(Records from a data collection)
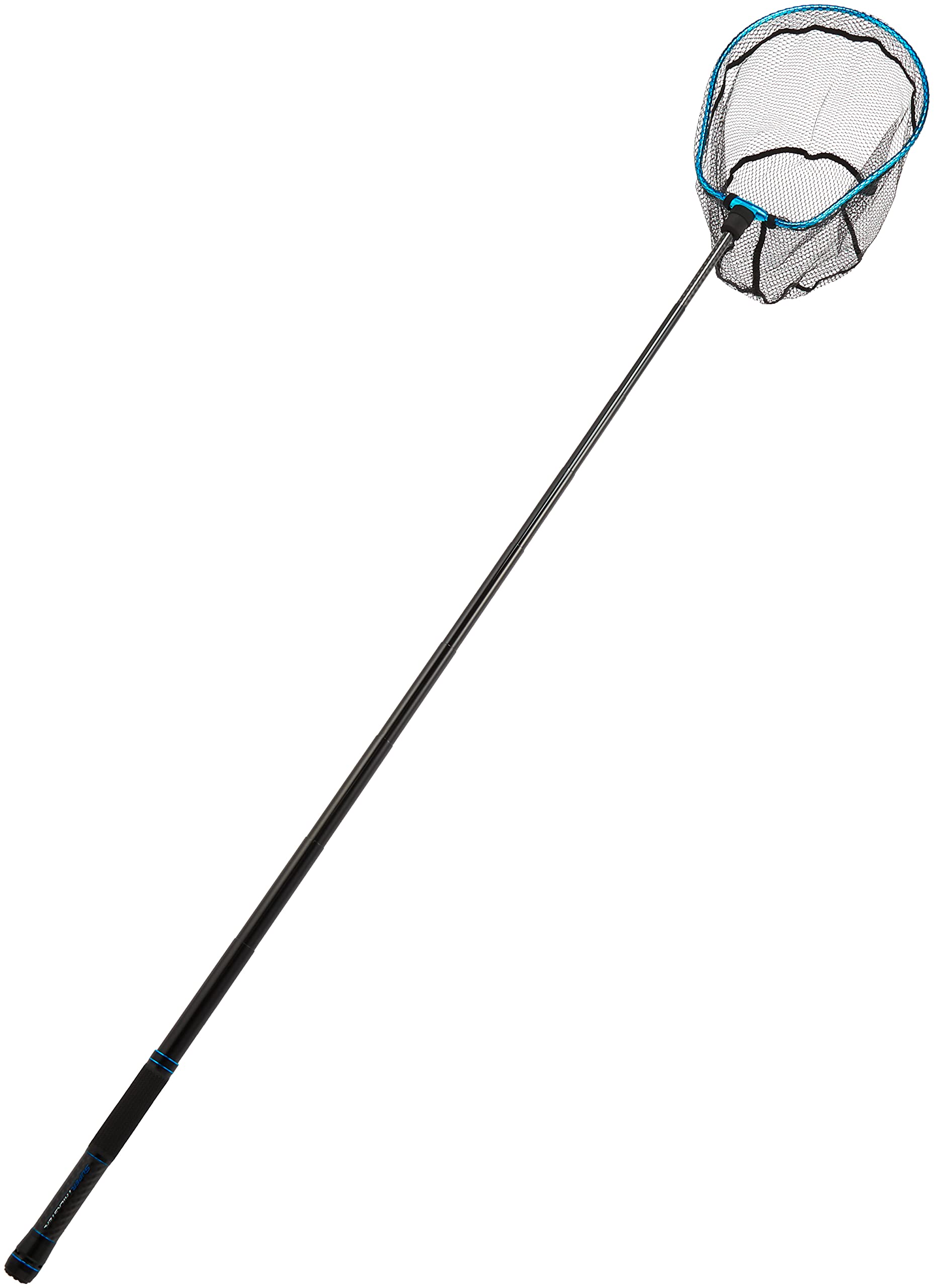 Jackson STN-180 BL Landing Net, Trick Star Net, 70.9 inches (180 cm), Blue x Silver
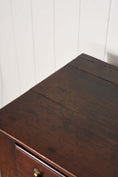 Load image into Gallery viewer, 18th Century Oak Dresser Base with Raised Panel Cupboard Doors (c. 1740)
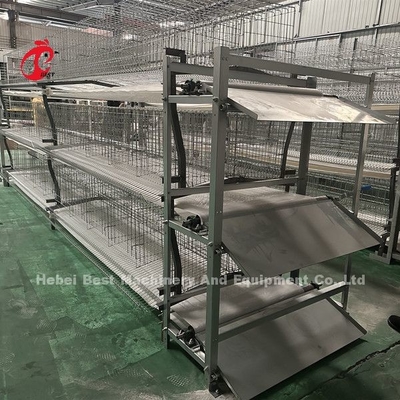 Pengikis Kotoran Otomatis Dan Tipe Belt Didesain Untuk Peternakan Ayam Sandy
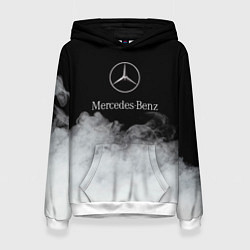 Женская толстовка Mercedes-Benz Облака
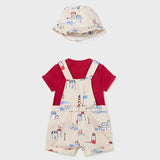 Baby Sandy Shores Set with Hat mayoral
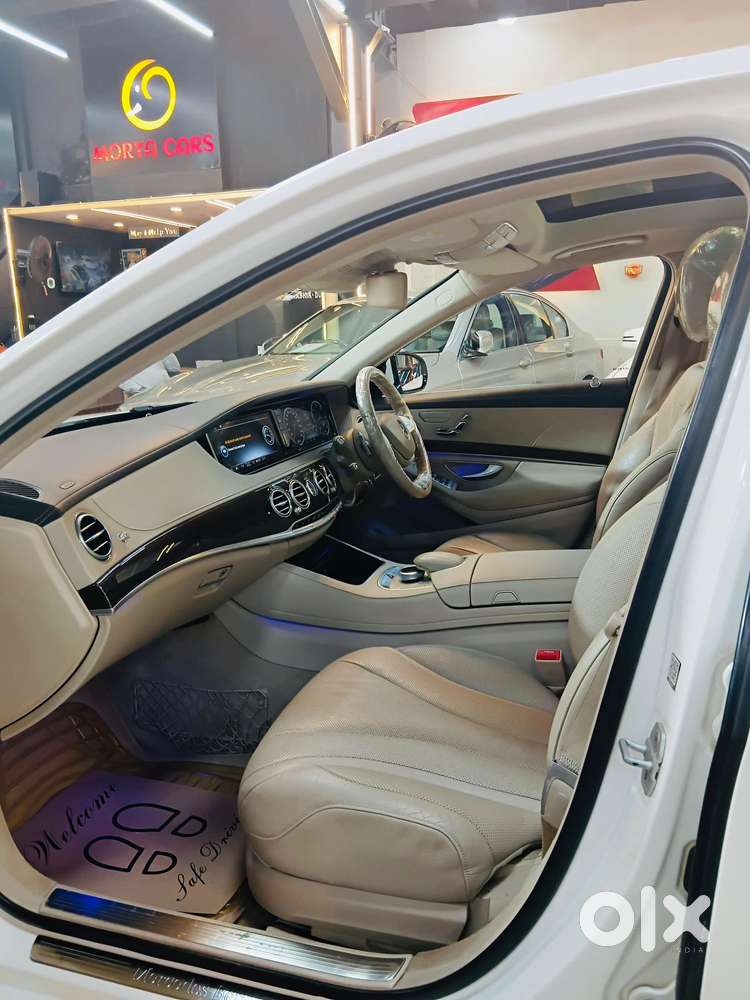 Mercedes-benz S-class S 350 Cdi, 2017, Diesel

*EXERCISE DETAILS*:
Pictures are not part of the copy; transcribe the rest of the data verbatim.

*PROBLEM SOLUTION*:
 Jackson STN-180 BL Landing Net, Trick Star Net, 70.9 inches (180 cm), Blue x Silver
 Load image into Gallery viewer, 18th Century Oak Dresser Base with Raised Panel Cupboard Doors (c. 1740)
 Pengikis Kotoran Otomatis Dan Tipe Belt Didesain Untuk Peternakan Ayam Sandy
 Женская толстовка Mercedes-Benz Облака
 Baby Sandy Shores Set with Hat mayoral
 Mercedes-benz S-class S 350 Cdi, 2017, Diesel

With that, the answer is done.